ACTION ITEM:
Your answer should consist of every line in the records that holds "from".

(Extracted records)
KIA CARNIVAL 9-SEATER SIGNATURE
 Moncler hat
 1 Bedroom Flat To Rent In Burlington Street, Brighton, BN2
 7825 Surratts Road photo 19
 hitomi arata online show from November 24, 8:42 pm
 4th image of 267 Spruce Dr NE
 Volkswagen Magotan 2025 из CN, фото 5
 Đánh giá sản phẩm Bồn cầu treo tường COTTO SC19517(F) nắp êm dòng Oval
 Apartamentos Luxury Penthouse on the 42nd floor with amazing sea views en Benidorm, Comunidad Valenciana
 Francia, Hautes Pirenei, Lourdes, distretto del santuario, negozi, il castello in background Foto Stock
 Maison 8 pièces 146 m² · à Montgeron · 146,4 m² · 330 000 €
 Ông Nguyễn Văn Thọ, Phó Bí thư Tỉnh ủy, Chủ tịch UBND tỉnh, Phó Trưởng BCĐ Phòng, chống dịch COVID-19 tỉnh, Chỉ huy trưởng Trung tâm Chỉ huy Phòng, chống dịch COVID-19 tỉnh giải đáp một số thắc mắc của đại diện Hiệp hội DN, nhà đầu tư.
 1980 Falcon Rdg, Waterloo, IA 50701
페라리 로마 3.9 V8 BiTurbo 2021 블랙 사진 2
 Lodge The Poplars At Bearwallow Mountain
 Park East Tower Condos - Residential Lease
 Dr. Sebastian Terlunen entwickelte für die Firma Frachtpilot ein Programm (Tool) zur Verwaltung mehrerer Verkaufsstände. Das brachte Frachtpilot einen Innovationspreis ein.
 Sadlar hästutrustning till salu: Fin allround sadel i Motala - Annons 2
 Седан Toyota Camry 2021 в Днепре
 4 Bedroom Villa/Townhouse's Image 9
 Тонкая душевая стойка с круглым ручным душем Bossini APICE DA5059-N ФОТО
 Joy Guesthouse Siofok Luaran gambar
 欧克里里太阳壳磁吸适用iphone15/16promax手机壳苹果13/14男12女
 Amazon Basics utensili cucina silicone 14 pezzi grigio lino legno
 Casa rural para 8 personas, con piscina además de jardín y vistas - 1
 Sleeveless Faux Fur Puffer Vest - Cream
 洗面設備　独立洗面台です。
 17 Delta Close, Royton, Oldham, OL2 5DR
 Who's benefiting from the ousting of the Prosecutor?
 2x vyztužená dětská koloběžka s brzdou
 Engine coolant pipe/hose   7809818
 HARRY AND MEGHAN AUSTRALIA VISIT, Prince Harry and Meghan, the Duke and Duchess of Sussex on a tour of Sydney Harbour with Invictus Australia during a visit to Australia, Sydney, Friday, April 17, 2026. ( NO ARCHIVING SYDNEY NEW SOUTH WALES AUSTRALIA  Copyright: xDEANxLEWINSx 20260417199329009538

RESULT OF THIS TASK:
 hitomi arata online show from November 24, 8:42 pm
 Who's benefiting from the ousting of the Prosecutor?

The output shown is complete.